- **Material provided**
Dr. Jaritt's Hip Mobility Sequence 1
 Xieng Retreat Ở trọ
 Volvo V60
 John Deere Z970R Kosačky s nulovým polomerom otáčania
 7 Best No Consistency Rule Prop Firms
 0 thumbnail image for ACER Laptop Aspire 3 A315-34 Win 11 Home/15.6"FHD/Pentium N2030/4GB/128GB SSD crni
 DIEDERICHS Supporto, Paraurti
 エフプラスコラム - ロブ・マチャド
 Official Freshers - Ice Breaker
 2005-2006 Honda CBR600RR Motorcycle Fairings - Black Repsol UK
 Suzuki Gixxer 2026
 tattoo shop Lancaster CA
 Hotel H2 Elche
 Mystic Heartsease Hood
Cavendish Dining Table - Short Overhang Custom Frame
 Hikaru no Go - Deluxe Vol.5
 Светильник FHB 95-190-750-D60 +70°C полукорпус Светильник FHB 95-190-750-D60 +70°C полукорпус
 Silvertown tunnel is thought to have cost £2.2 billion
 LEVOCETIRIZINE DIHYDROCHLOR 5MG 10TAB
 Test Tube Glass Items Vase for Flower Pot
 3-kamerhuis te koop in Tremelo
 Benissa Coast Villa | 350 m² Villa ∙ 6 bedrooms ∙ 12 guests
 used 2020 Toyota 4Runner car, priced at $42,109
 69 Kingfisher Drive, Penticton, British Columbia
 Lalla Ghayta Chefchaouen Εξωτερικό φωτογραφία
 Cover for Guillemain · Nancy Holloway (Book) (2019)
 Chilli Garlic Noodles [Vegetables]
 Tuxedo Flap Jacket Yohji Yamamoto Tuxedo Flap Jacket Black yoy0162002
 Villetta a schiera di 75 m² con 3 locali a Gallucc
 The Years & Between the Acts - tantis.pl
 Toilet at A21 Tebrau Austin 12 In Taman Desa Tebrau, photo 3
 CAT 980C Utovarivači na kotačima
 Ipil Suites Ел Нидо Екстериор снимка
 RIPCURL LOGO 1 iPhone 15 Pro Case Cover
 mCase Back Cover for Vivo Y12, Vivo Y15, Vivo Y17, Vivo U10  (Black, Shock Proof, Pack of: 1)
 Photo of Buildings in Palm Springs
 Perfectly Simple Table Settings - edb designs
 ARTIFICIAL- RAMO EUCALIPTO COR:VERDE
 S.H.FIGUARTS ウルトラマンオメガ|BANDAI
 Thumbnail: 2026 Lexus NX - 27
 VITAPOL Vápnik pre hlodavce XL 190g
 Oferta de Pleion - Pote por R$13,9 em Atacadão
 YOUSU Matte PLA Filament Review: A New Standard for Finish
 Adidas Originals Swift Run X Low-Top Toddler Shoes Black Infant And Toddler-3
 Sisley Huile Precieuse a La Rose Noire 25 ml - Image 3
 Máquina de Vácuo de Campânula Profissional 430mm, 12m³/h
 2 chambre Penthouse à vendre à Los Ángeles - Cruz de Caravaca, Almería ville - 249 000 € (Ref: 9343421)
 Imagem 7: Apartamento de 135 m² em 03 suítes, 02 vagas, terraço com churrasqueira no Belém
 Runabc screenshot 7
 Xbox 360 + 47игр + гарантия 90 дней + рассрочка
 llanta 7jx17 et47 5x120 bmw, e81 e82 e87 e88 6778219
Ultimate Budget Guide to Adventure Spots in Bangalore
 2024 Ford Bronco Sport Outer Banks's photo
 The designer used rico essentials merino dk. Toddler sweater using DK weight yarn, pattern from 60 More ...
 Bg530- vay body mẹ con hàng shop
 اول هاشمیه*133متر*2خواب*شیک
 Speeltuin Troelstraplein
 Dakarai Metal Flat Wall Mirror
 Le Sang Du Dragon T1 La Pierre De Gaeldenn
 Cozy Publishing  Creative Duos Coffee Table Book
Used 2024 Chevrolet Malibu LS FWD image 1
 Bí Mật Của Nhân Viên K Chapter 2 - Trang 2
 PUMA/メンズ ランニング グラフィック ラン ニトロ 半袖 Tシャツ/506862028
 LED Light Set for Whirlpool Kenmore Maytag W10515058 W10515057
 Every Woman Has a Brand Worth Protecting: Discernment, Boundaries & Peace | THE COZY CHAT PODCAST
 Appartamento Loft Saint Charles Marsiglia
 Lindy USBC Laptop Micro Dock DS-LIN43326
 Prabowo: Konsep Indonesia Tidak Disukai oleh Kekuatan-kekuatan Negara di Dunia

- **Activity**
All lines holding the word "Toddler" must be found in the listing and copied.

- **Answer**
 Adidas Originals Swift Run X Low-Top Toddler Shoes Black Infant And Toddler-3
 The designer used rico essentials merino dk. Toddler sweater using DK weight yarn, pattern from 60 More ...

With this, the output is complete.